On Mon, Apr 03, 2023 at 03:36:25PM +0000, Parav Pandit wrote:
> 
> 
> > From: virtio-comment@lists.oasis-open.org <virtio-comment@lists.oasis-
> > open.org> On Behalf Of Michael S. Tsirkin
> 
> > > Transport vq for legacy MMR purpose seems fine with its latency and DMA
> > overheads.
> > > Your question was about "scalability".
> > > After your latest response, I am unclear what "scalability" means.
> > > Do you mean saving the register space in the PCI device?
> > 
> > yes that's how you used scalability in the past.
> >
> Ok. I am aligned.
>  
> > > If yes, than, no for legacy guests for scalability it is not required, because the
> > legacy register is subset of 1.x.
> > 
> > Weird.  what does guest being legacy have to do with a wish to save registers
> > on the host hardware? 
> Because legacy has subset of the registers of 1.x. So no new registers additional expected on legacy side.
> 
> > You don't have so many legacy guests as modern
> > guests? Why?
> > 
> This isn't true.
> 
> There is a trade-off, upto certain N, MMR based register access is fine.
> This is because 1.x is exposing super set of registers of legacy.
> Beyond a certain point device will have difficulty in doing MMR for legacy and 1.x.
> At that point, legacy over tvq can be better scale but with lot higher latency order of magnitude higher compare to MMR.
> If tvq being the only transport for these registers access, it would hurt at lower scale too, due the primary nature of non_register access.
> And scale is relative from device to device.

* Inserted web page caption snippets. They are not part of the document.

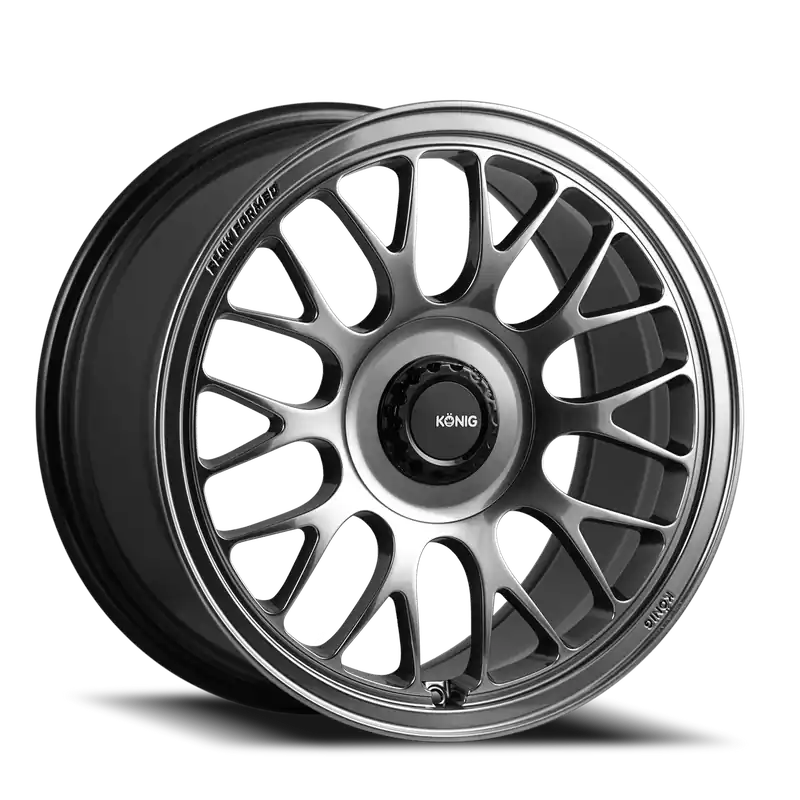 Direct From Manufacturer Konig Mrk1 Wheel 19x9.5 5x112 Hyper Carbon 32mm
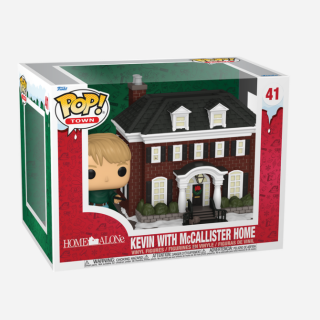 Φιγούρα Funko POP! Town Home Alone - Kevin with McCallister Home #41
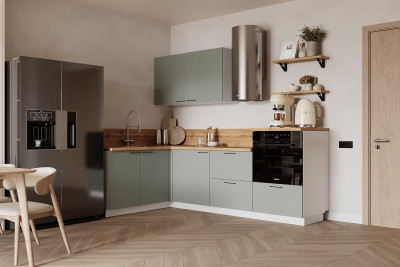 КГ Угловой 1500х2400 (без пм) Эмаль, Олива  Арника РМ в.2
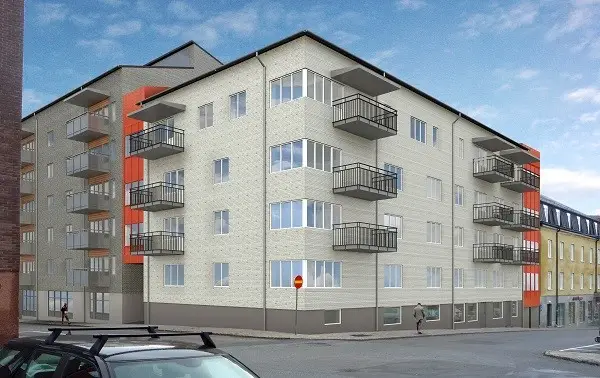 Galären byggstartar trygghetsboende i Luleå centrum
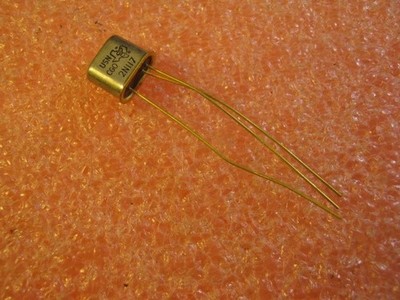2N1117 USN CGO NOS Transistor from Texas Instruments No International Shipping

Wow! Why an order of magnitide?

> > >
> > > > > > And presumably it can all be done in firmware ...
> > > > > > Is there actual hardware that can't implement transport vq but
> > > > > > is going to implement the mmr spec?
> > > > > >
> > > > > Nvidia and Marvell DPUs implement MMR spec.
> > > >
> > > > Hmm implement it in what sense exactly?
> > > >
> > > Do not follow the question.
> > > The proposed series will be implemented as PCI SR-IOV devices using MMR
> > spec.
> > >
> > > > > Transport VQ has very high latency and DMA overheads for 2 to 4
> > > > > bytes
> > > > read/write.
> > > >
> > > > How many of these 2 byte accesses trigger from a typical guest?
> > > >
> > > Mostly during the VM boot time. 20 to 40 registers read write access.
> > 
> > That is not a lot! How long does a DMA operation take then?
> > 
> > > > > And before discussing "why not that approach", lets finish
> > > > > reviewing "this
> > > > approach" first.
> > > >
> > > > That's a weird way to put it. We don't want so many ways to do
> > > > legacy if we can help it.
> > > Sure, so lets finish the review of current proposal details.
> > > At the moment
> > > a. I don't see any visible gain of transport VQ other than device reset part I
> > explained.
> > 
> > For example, we do not need a new range of device IDs and existing drivers can
> > bind on the host.
> >
> So, unlikely due to already discussed limitation of feature negotiation.
> Existing transitional driver would also look for an IOBAR being second limitation.

Some confusion here.
If you have a transitional driver you do not need a legacy device.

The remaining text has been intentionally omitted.